Topos, Topos y Musarañas

Vol. 18 Número 3, Otoño 2013

Por Liam McGranaghan

Eh, es un ratón… o espera, ¿es un topillo o una musaraña? Hmm, ¿tal vez es una musaraña? Para mucha gente, la diferencia no importa. Estos pequeños animales parecidos a los roedores suelen considerarse plagas espeluznantes que hay que evitar o, mejor aún, exterminar. Con este fin, los propietarios estadounidenses gastan más de 100 millones de dólares al año para librarse de estos animales esenciales. Además, en su afán por eliminarlos, los propietarios también matan a otros animales silvestres por envenenamiento secundario. Y si bien es cierto que los ratones, sobre todo los domésticos (Mus musculus), pueden ser antihigiénicos y causar algunos daños en el hogar, los topos, los topillos y las musarañas suelen ser inofensivos y desempeñan un papel vital en la ecología del campo y el bosque. Son engranajes centrales del ciclo de la vida y, sin ellos, los ecosistemas se colapsarían. Al reconocerlos y comprender su historia natural, las personas pueden encontrar formas de convivir con ellos o proporcionar medios no letales para disuadirlos de nuestros patios y jardines.

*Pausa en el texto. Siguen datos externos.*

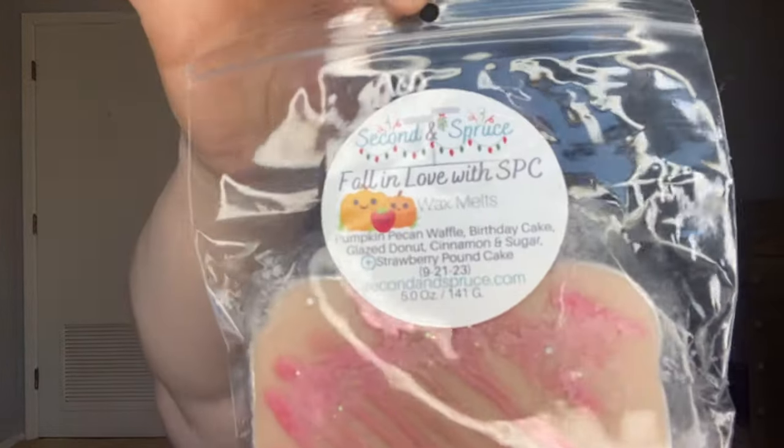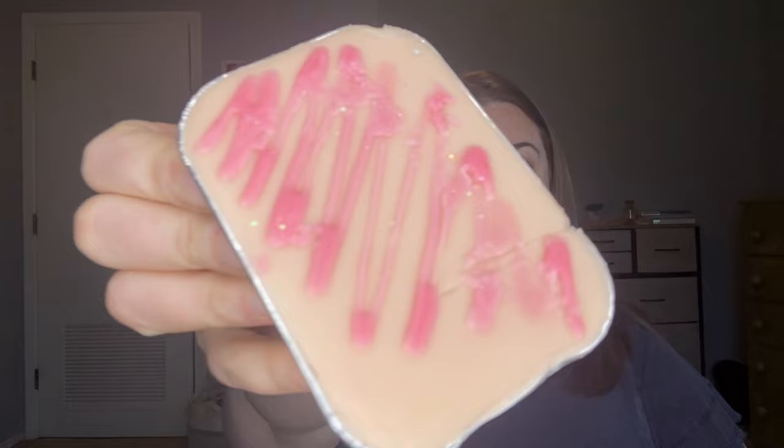Next is Fall in Love with Strawberry Pound Cake. I was able to get my hands on the Fall in Love with Palo Santo, but not this one during the RTS. This is pumpkin pecan waffles, birthday cake, glazed donuts, cinnamon sugar, and strawberry pound cake. This one was poured back in September so it's really ready to go. Oh yeah, this is so good. You really get the pumpkin pecan waffle, the donut, and the strawberry pound cake. This is a very sweet bakery scent — oh my gosh, this is so good, you guys. Wow.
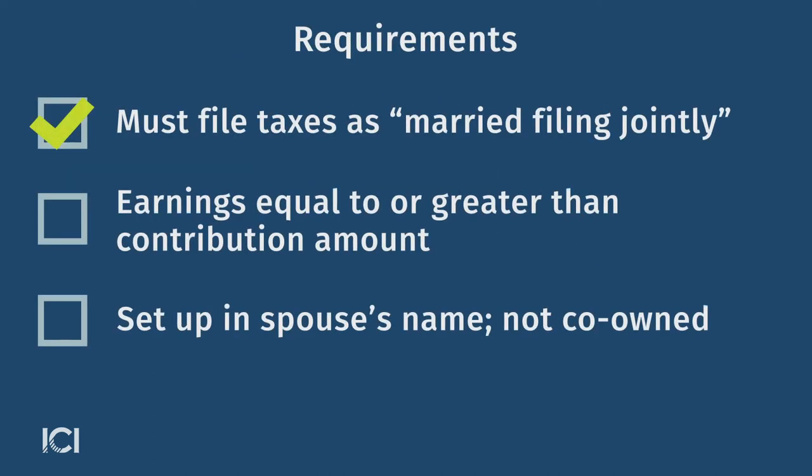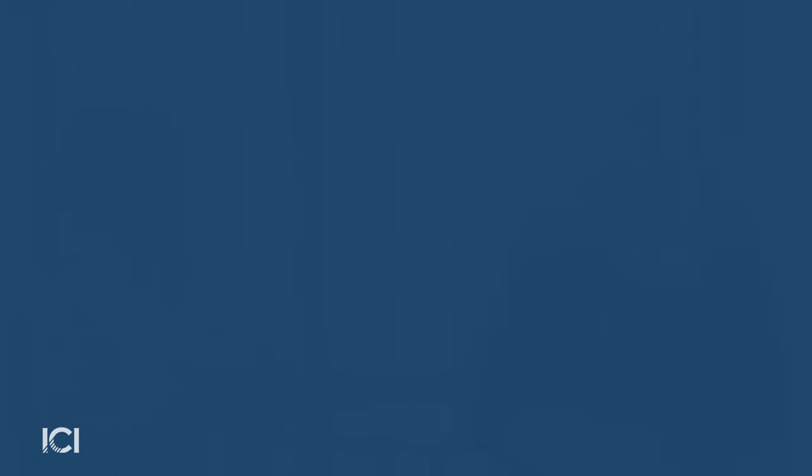You need to be married, filing jointly on your tax return, and then you need to be sure that you have enough earnings to cover that contribution to the IRA for your spouse. The IRA will be set up in your spouse's name, and then you contribute the money. This is a way to increase your family's retirement security.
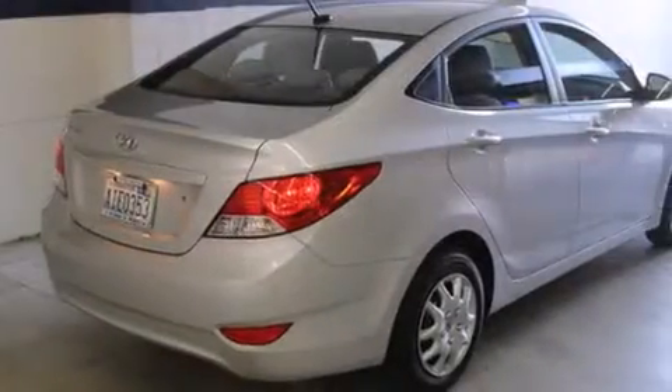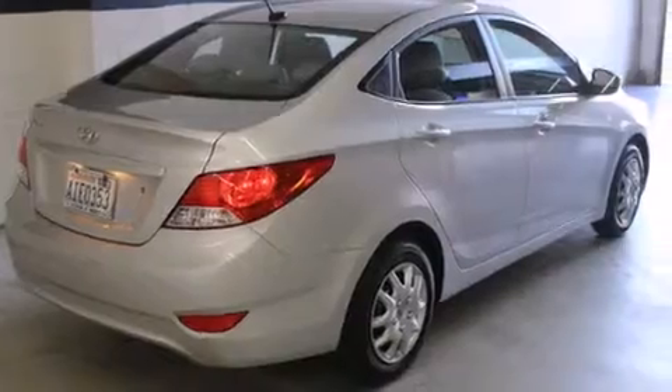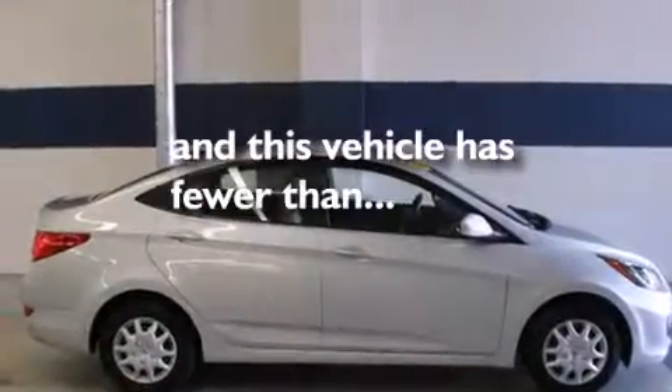Also included are rear seat child-proof door locks, air conditioning, a pass-through rear seat, full-power accessories, a rear window defroster, and this vehicle has fewer than 41,000 miles on the odometer.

Entonces, ¿cuál es la diferencia entre estos animales? A diferencia de los topillos, los topos y las musarañas no son roedores. Los topos y las musarañas pertenecen al orden de los insectívoros, un grupo de pequeños mamíferos entre los que se encuentran los murciélagos, que consumen invertebrados como insectos, larvas de insectos (especialmente larvas de escarabajos japoneses), gusanos, caracoles, babosas, arañas y otros pequeños animales. Al igual que las ardillas, las marmotas y los castores, los topillos son verdaderos roedores. Tienen incisivos roedores que siguen creciendo durante su vida. Sólo royendo se mantienen los dientes recortados.

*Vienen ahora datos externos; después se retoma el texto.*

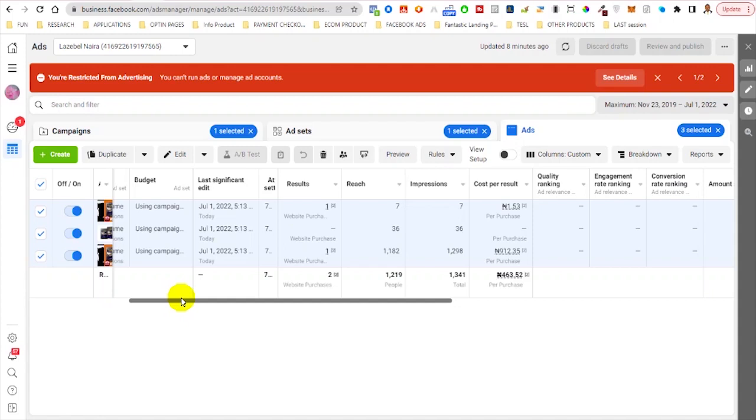You might not get the exact same results as mine, but 90 percent of the time this works. Remember, a whole lot of factors contribute to results — your budget, your ad creative, your landing page, and more. If everything is done correctly, your results will be similar. Hope you got value from this video.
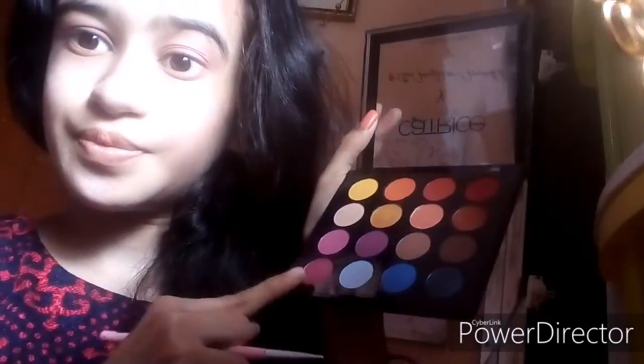Now I'm using this Desert Paradise eyeshadow palette and I'm applying this lavender shade, which is an amazing shade. Next I'm using the lavender purple shimmer shade for the transition, and I really like this shade as well.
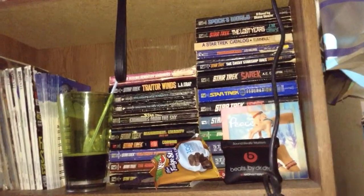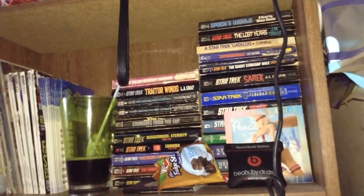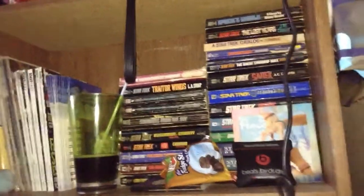This is my Star Trek book collection, fellow YouTubers. It's Hannah. This is my Star Trek collection, what I have so far.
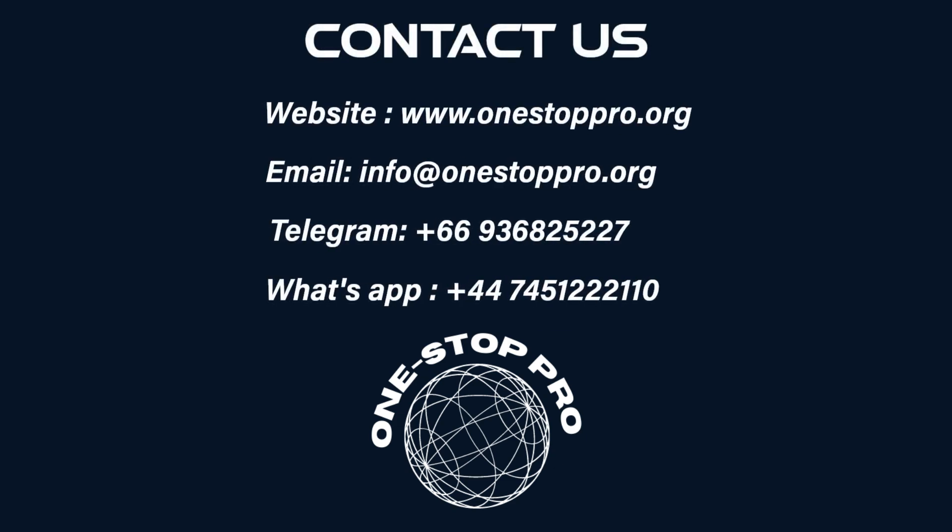Follow for more financial tips. Opening a bank account in Hong Kong can be straightforward if you're prepared. Contact us.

Zorro rojo cazando topillos
Foto de Liam McGranahan

Los topos

Aunque los topos, los topillos y las musarañas se parecen superficialmente con su pelo corto y gris, los topos tienden a ser mucho más grandes, a menudo hasta 6 u 8 pulgadas de longitud. Debido a los hombros musculosos de un topo, su circunferencia parece mucho más gruesa que la de una musaraña o un topillo. Hay dos especies de topos en nuestra zona, el topo oriental (Scalopus aquaticus) y el topo estrellado (Condylura cristata). Todos los topos tienen un alto metabolismo y deben comer casi su propio peso en comida cada día. Para sobrevivir, deben excavar mucho en el suelo en busca de sus presas. En condiciones adecuadas, los topos pueden hacer túneles de más de 30 metros al día en su interminable búsqueda de comida.

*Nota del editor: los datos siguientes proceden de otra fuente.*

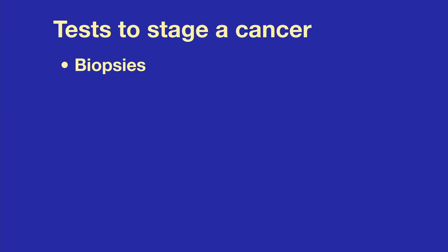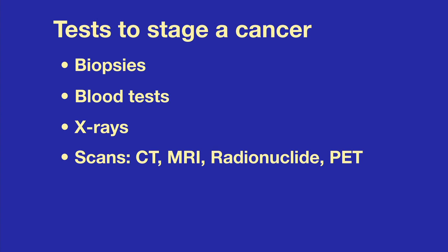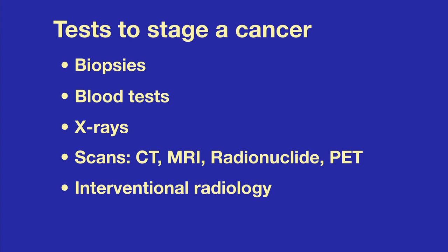Doctors use different types of tests to determine the stage of a cancer. These include biopsies of the cancer, blood tests, regular x-rays, and different types of scans including CT, MRI, radionuclide, and PET scans.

Los topos son fáciles de identificar porque tienen unas enormes patas delanteras en forma de pala que son una adaptación para cavar y llevar un estilo de vida fosorial, o de madriguera. Como la mayor parte de su vida transcurre bajo tierra, los topos tienen ojos pequeños y rudimentarios y son casi ciegos. No tienen signos visibles de orejas. Como no tienen necesidad de trepar, los topos carecen de una cola larga, que les proporciona equilibrio, pero en su lugar tienen una cola corta que equivale a una cuarta parte de la longitud de su cuerpo.

El topo oriental es el más común de los dos topos de nuestra zona, y aunque rara vez se ve, la evidencia de sus túneles es fácil de detectar. El otro topo de nuestra zona, el topo de nariz estrellada, es una criatura de aspecto extraño con 22 tentáculos carnosos de color rosa en el extremo de su hocico que se asemejan superficialmente a una estrella. Este singular apéndice es muy sensible a la presencia de larvas de insectos y otros invertebrados en el suelo y les ayuda a buscar comida. Los topos de nariz estrellada frecuentan los hábitats de praderas húmedas y riberas de arroyos, por lo que no suelen llamar la atención ni encontrarse con ellos. De todas las especies de topos, los de nariz estrellada tienden a ser los más gregarios, formando pequeños grupos sociales donde residen.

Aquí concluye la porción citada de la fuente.